◆ What to do ◆
Work out how many lines of the listing hold the string "have", then answer with that number and nothing else.

◆ Material supplied ◆
'''
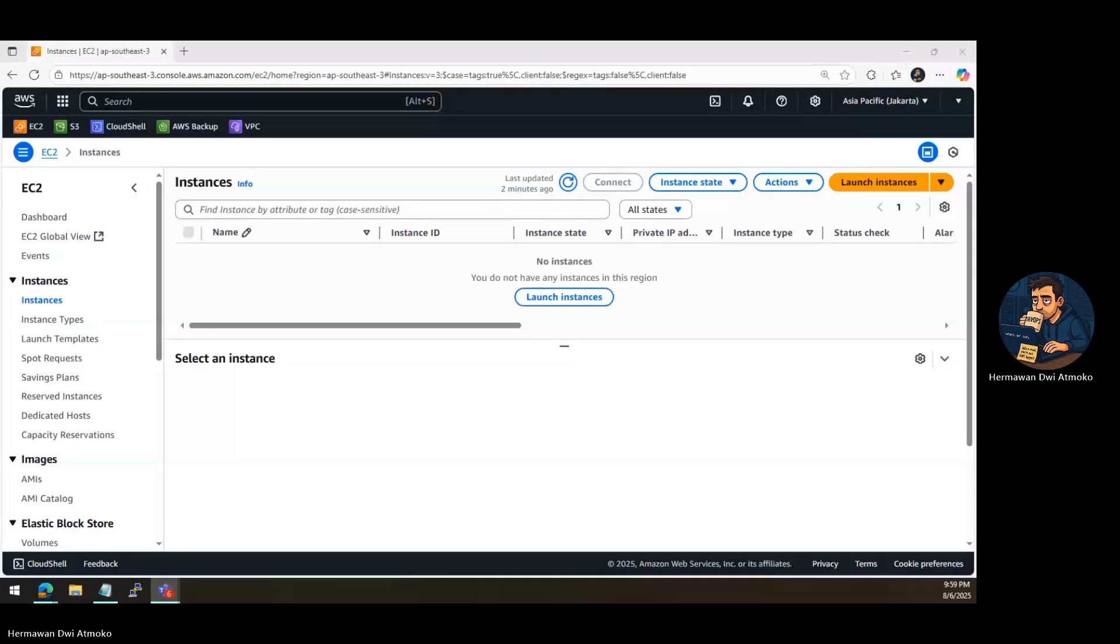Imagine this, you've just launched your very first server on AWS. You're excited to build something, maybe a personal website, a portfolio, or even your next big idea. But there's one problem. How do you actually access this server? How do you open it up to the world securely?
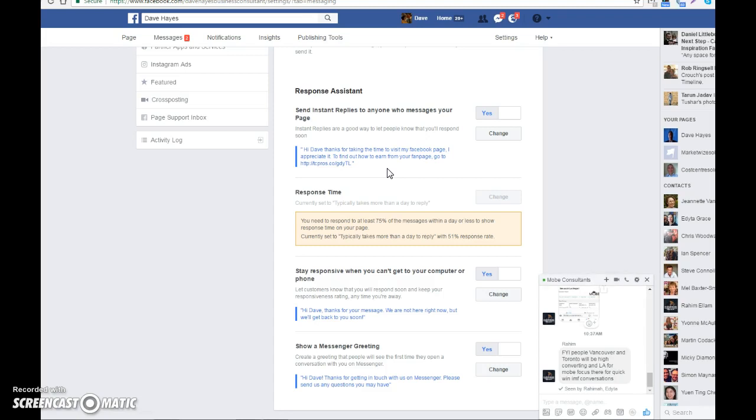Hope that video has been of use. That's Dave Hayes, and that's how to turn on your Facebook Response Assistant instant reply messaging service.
'''
'''
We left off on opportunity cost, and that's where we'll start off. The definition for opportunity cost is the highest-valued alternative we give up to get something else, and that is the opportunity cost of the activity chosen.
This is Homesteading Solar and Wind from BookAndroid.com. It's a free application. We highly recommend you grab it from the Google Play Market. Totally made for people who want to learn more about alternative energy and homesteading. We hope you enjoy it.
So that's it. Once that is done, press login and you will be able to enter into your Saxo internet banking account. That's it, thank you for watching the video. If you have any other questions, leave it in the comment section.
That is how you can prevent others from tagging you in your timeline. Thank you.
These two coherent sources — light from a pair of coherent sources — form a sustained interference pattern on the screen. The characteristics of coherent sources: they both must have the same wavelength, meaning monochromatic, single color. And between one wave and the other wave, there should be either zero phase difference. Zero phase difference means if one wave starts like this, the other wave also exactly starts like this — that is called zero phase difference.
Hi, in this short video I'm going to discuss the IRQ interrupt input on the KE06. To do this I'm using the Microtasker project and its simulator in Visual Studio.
'''
◆ Your solution ◆
2